We are currently working on how the source code should be released and that may mean that we make amendments to the business model which we currently use. We fully see the need for an API that users can simply tie into without having to have access it, a model similar to other industry-standard solutions. On the other hand, we also recognize the benefit for other users to have access to the Editor code which will allow for further expansion of the engine. Our intention to make the source code available is a big pivot for the company and we want to get it right. We want to empower the community, but without jeopardizing the interests of the business on which the development of the engine ultimately rests. We are currently evaluating the best way to achieve this for everyone. So: Tech stuff, legal stuff, and business stuff all plays a part in delivery. We are working on it. We’re not there yet. Watch this space.
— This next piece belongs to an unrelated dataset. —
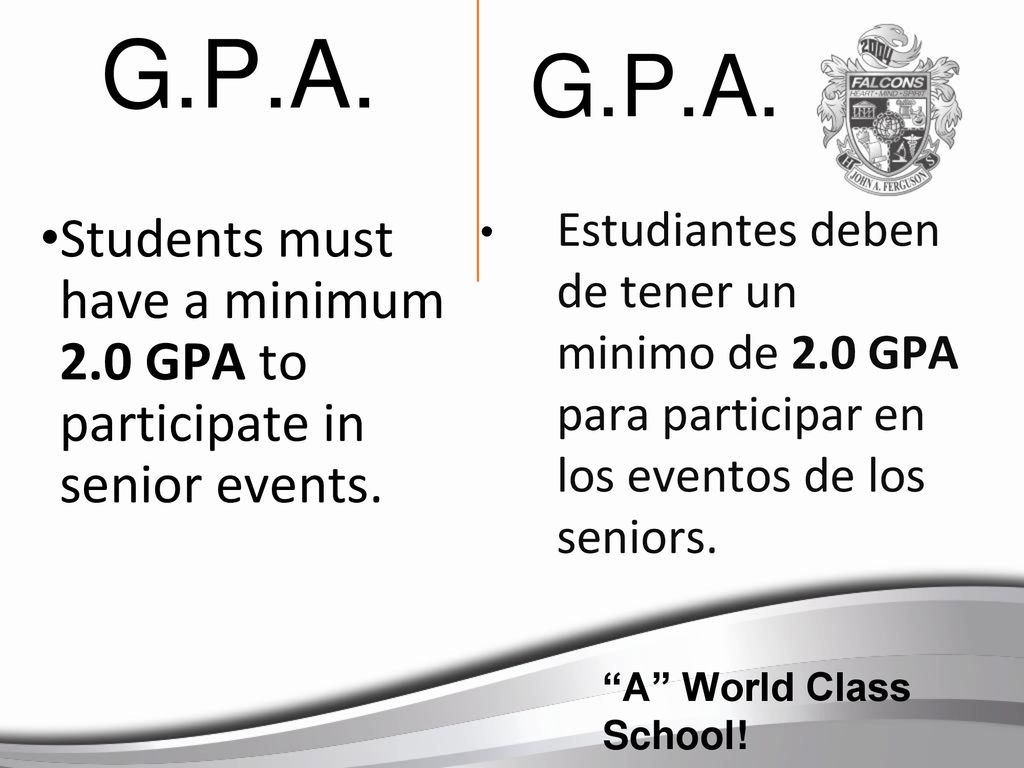 G.P.A. G.P.A. Estudiantes deben de tener un minimo de 2.0 GPA para participar en los eventos de los seniors.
Documentation and Learning
With the push for 5.4 many of you in the community knew that we were focusing on the common request of improving our documentation, with a particular focus on getting more organized and up-to-date. Our main goal here is to structure the docs with more of a focus on discipline rather than a specific technique. Part of this means we will be splitting out categories as shown in the picture below. You will now be able to navigate directly to a “Getting Started” section or particular topic, for instance, animation, if that is what you happen to be interested in.
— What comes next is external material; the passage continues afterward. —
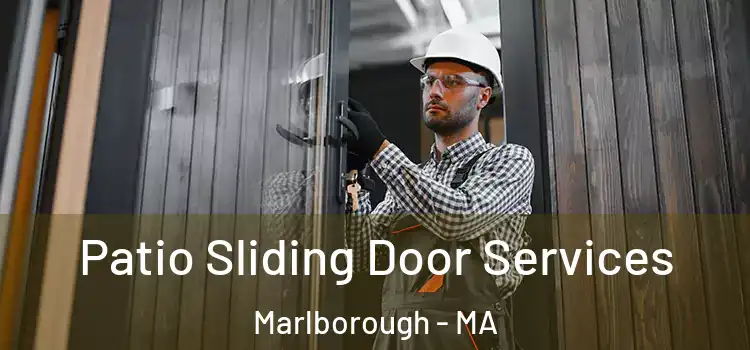 Patio Sliding Door Services Marlborough - MA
Regarding timelines, we are still aiming for the 5.4 cycle. However, due to some of the changes across 5.5 and the new skin for the editor we are going through the process of scrubbing legacy documentation so everything is upgraded to the latest workflows on release. We are still rolling out regular and constant updates to current documentation and a complete restructure is the goal within the coming months during the 5.4 release cycle. We have already covered many topics within the Preview phase that have been received well and this work will continue.
WIP screenshot of documentation overhaul in progress.
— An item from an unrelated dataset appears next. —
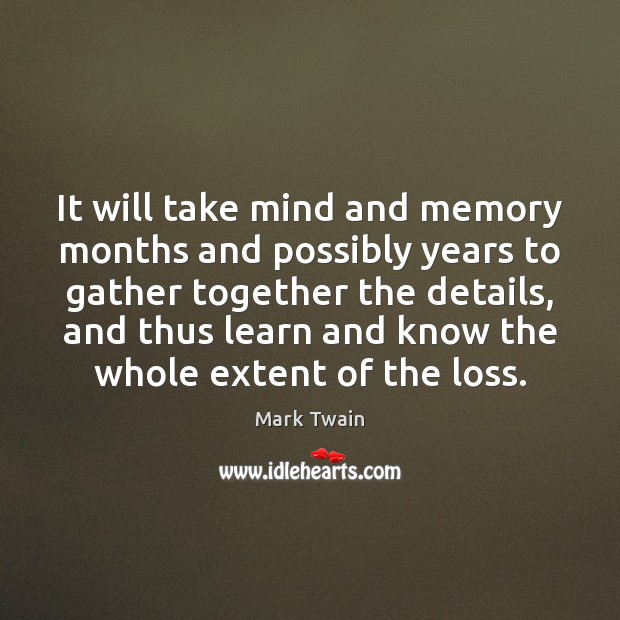 It will take mind and memory months and possibly years to gather Mark Twain Picture Quote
The learning restructure also looks to shift away from routine tasks to become more about completing solid game loops that could be repurposed or expanded upon within your own developments. The scope of this work will cross both written and video material as we have always done. Our aim is to deliver a learning offering that will give you everything you need to create mini-projects which will help you become familiar with important systems in the Editor.
As part of achieving this goal, we have also hired a dedicated new Learning Manager who has the remit of evaluating and improving the educational material offered within our portal and externally. Expect more in an upcoming blog post, where we’ll have more detailed information about the direction of travel and a bit more about this new member of the CRYENGINE team. I think you will be surprised and happy to see the speed and shape this initiative is taking.
Down the line we may tackle more topics that are common themes throughout the software industry, rather than CRYENGINE specifics. The focus on learning will be to follow and exceed industry standards and make the engine enjoyable to learn and grow with. Our ambitions are as bold as yours, and while it will be a steep learning curve for us, we are committed to making the progress we recognize we have to make.